DATA UNDER STUDY
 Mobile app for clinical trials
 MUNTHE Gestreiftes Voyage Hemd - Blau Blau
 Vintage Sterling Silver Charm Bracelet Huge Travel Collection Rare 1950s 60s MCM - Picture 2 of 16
==
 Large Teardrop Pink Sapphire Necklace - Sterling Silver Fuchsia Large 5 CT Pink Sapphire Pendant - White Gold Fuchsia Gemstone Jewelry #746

AIM OF THE TASK
How many lines in the records above contain the word "Silver"? Answer with the number only.

REPLY
2